Dairy Market Update: What's up with Whey?
By Bob Yonkers, IDFA Chief Economist, Ph.D.
A lot of attention is being paid to the current record high prices for whey products, both in the U.S. and in international markets. The U.S. Department of Agriculture's (USDA) Agricultural Marketing Service (AMS) reported last week, that the midpoint of the Central States price for dry whey reached $0.6950 per pound; just six short months ago, in August 2006, the average price for dry whey was only $0.3118. Before 2006, the highest monthly average price since 1990 was $0.3305, and it was set in December 1997.
USDA's National Agricultural Statistics Service (NASS) also publishes a dry whey price, which is used in the dry whey product price formula to determine the Class III minimum price in federal orders. For the week ending February 17 (the most recent data available), NASS reported a weighted average price of $0.6141 based on its survey of more than 12.1 million pounds sold that week.

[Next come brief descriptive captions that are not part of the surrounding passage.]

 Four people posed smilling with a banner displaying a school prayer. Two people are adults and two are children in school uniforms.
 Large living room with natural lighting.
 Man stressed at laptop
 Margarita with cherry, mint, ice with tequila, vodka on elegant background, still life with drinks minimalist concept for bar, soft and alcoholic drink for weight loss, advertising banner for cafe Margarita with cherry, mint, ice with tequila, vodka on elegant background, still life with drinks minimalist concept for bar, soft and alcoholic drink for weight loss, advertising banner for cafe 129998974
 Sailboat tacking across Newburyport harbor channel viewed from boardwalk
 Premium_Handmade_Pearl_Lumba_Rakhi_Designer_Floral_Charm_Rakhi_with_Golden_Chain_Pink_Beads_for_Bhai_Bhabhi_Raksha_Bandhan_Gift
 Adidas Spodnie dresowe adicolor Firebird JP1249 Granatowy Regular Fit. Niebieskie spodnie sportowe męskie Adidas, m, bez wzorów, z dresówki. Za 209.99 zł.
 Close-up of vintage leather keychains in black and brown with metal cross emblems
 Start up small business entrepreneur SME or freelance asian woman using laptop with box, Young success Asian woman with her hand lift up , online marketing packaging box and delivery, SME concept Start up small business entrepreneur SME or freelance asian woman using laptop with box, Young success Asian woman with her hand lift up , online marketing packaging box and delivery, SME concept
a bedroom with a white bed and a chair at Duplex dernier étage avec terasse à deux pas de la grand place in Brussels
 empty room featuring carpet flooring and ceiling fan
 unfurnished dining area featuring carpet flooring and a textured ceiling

It's not just the U.S. domestic market price that has risen so sharply. The most recent international market price in Europe as reported by USDA AMS for the two-week period ending February 16 showed a midpoint of $0.67 per pound. Just like in the U.S., the highest monthly average price in Europe prior to 2006 was $0.35 over ten years ago.
One result of this strong market for whey is the announcement last week by the Chicago Mercantile Exchange that it would begin trading a futures contract for dry whey on March 19, 2007. This contract will be cash-settled to the USDA NASS monthly average price that is used in the federal order Class III minimum price each month.

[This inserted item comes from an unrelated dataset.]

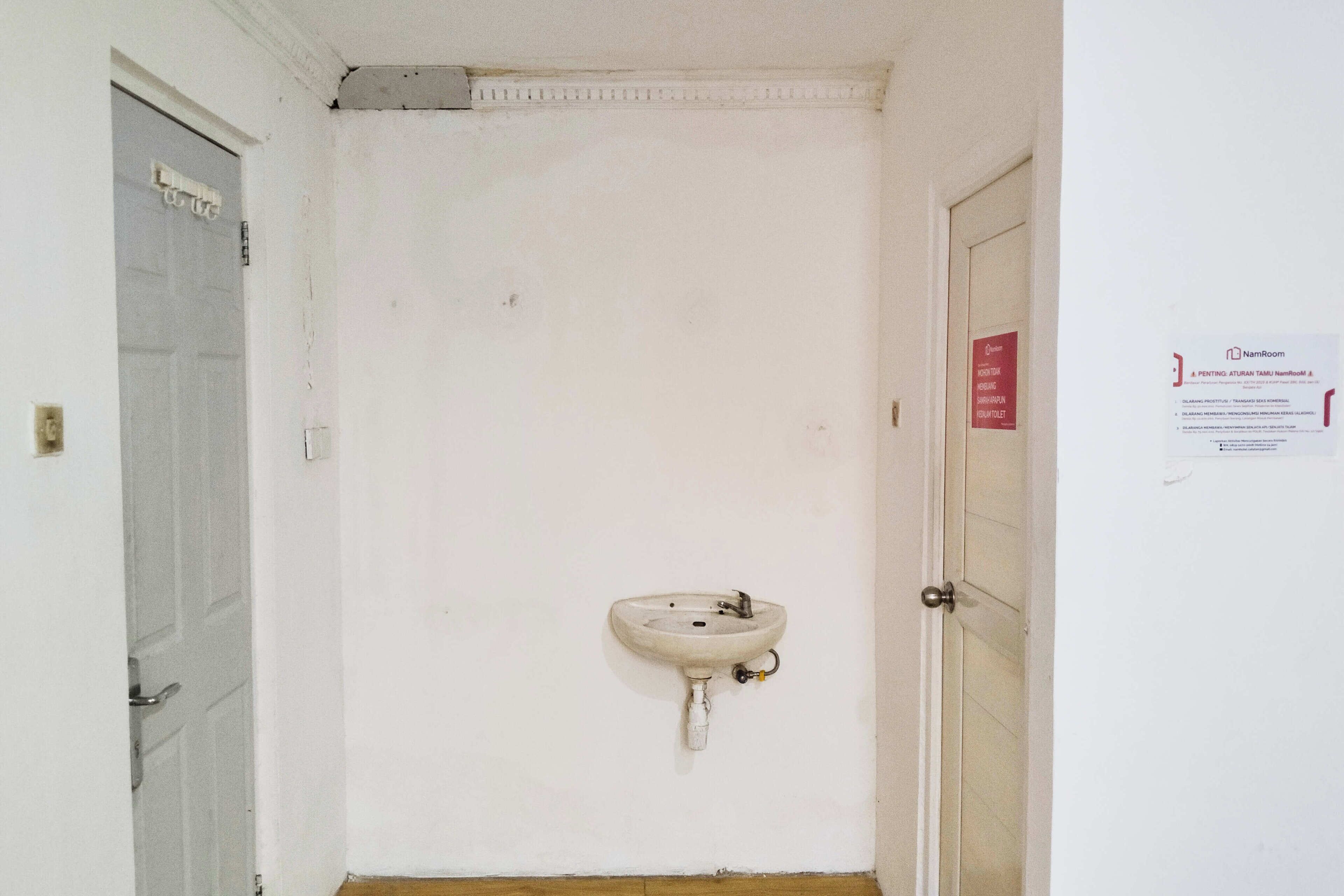 A narrow hallway with a white wall, a door on the left, and a sink mounted on the right wall.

Since the January 2000 advent of using product price formulas to determine federal order minimum prices for milk, it has been easy to assign a value to what this increase in dry whey prices means to dairy producers in their milk check. Prior to 2000, however, federal orders relied on a competitive price series to determine minimum prices. That M-W price series represented what manufacturers paid for the Grade B milk used to make manufactured dairy products, but it was dominated by cheese plants.
Even before 2000, whey had some value to those cheese manufacturers, and that value was reflected in the competitive market price paid for Grade B milk, which in turn became part of the federal order minimum price. If the market price of dry whey back then had reached the levels seen today, the competition for farm milk would have included the higher value of whey in the price of Grade B milk and, in turn, the federal order minimum milk prices.

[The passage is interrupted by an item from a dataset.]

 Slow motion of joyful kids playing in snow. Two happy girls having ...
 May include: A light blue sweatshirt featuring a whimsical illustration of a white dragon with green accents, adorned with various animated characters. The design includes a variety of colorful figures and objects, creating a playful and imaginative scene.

What's the difference today? The use of product price formulas in federal order minimum prices has removed market competition for farm milk from the equation. Processors are locked into paying the full value of any price increase in dry whey to dairy producers under federal order regulation.
The competitive market for farm milk also used to determine how manufacturers reacted to increases in costs of processing by adjusting farm milk prices. When processing costs increase today, the only recourse is for manufacturers to request a hearing to change the make allowances in the product price formulas; previously the competitive market farm milk price used to adjust every month to such changes.
As recent events have shown, the process of submitting a petition and holding a federal order hearing is slow; USDA has only begun this month to implement changes sought by IDFA and others in petitions first filed in September 2005 17 months ago. And even this decision by USDA is only tentative.
In addition, a hearing's outcome can be uncertain. The recent decision by USDA was not only put off one month due to a lawsuit, but it has been criticized by IDFA and many dairy cooperatives that manufacture dairy products for not providing a sufficient allowance. The costs of processing have increased greatly in the past seven years since changes to the make allowances were last considered.